Why isn't Python itertools.combinations() in O(1) amortized time complexity?

Question

The itertools.combinations function of the CPython's standard library doesn't have an $O(1)$ amortized time complexity. When generating $k$-combinations of $n$ elements, the main issue arises from when $k$ gets close to $n$. We end up with an $O(n)$ amortized time complexity.

1. Why such a choice from Python core developers ?
2. Does there exist a code, whether it be a from a standard library or not, that guarantees an O(1) amortized time complexity ?

Quick details of why i ended up with amortized time complexity of $O(n)$ : In that code, the number of combinations ensuring the pivot index is $i$ is $\binom{n-k+i}{i+1}$ and the number of array operations for such an instance is $3k-3i-1$. By multipliying both quantities and summing over all possible values of $i$, we obtain the total number of operations. Dividing this by $\binom{n}{k}$ the number of combinations, we end up with the amortized time complexity of $O(n)$.

The following self-contained C code is a rewrite of the CPython itertools.combinations function made for handling k-combinations of an array of integers between 0 and n-1, in an iterator-type style.
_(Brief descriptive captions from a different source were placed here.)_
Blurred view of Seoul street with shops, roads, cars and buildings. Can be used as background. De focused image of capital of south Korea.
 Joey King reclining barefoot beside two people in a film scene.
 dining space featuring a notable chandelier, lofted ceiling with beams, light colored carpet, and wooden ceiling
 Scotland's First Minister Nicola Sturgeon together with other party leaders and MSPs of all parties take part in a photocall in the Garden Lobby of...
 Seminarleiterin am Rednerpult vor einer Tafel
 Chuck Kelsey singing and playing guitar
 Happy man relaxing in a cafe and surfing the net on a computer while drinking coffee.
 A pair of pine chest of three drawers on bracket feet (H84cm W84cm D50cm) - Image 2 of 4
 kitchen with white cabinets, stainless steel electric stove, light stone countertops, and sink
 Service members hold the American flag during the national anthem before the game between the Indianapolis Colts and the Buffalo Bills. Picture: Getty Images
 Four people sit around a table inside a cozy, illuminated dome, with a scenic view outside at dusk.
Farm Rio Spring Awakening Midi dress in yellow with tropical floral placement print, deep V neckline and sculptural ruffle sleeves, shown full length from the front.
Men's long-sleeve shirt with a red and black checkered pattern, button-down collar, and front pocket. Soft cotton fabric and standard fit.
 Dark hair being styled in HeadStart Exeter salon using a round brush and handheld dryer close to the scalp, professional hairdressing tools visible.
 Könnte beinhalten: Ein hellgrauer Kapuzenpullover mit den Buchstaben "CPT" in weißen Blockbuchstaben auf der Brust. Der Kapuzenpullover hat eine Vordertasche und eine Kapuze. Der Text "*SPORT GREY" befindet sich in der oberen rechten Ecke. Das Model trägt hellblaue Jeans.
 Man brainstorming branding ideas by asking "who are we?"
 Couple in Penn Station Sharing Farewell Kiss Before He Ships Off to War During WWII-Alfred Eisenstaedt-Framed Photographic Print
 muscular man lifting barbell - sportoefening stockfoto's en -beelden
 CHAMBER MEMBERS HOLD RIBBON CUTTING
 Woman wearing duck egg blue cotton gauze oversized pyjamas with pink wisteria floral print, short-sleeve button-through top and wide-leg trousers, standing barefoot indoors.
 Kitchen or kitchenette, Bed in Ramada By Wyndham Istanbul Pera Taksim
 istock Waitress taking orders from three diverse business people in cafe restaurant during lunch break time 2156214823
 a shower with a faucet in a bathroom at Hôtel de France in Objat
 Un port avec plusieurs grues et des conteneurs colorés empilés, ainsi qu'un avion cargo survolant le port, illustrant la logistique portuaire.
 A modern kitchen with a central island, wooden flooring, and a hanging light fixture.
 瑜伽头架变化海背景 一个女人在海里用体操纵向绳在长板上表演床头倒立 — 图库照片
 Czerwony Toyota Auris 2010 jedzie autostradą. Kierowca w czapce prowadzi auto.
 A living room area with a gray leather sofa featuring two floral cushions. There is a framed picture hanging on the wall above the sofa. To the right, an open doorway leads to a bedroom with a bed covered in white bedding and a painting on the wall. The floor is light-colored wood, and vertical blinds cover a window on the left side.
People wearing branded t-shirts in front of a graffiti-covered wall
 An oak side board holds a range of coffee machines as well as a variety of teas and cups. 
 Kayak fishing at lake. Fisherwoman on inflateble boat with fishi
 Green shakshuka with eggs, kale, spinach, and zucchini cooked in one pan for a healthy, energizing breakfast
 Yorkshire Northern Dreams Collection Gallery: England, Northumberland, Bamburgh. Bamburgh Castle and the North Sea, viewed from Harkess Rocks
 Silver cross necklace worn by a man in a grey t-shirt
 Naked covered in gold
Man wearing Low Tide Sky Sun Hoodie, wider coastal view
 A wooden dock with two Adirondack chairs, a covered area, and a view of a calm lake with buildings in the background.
#include <stdlib.h> // malloc
#include <stdio.h> // printf
#include <stdbool.h> //bool, true, false

/* TESTING */
int* integersInOrder(int size){
    int* array = malloc(size * sizeof(int));
    for(int i=0; i < size; i++)
        array[i] = i;
    return array;
}

void printArray(int* array, int size){
    for(int i=0; i<size; i++)
        printf("%d ", (int)array[i]);
    printf("\n");
}

/* itertools.combinations */
static const bool IS_RUNNING = true, IS_DONE = false;

bool nextCombination(int* indices, int n, int k){
    if(k > n)
        return IS_DONE;
    
    bool isFound = false;
    int i;
    // find furthest-right non-maximal index
    for(i = k - 1; i >= 0; i--){
        if(indices[i] != n - k + i){
            isFound = true;
            break;
        }
    }
    if(!isFound)
        return IS_DONE;
    
    // increase index i by 1
    indices[i]++;
    // set all indices to the right of i to be the lexicographical minimum values
    for(int j = i + 1; j < k; j++)
        indices[j] = indices[j - 1] + 1;
   
    return IS_RUNNING;
}

/* ENTRY POINT */
int main()
{
    int n = 5, k = 3;
    int* array = integersInOrder(k);
    printArray(array, k);
    
    while(IS_RUNNING == nextCombination(array, n, k)){
        printArray(array, k);
    }

    return 0;
}

Answer 1

The problem with your solution is that you modify array in place. If CPython were to adapt your implementation, the result of list(itertools.combinations(range(4), 3)) would be something like [[1, 2, 3], [1, 2, 3], [1, 2, 3]], which would be surprising to users. You would need to make a copy of the first k entries in array and yield that, which will take O(k) at the minimum, which, as k approaches n, is O(n).

You can't escape these copies without breaking user's expectations.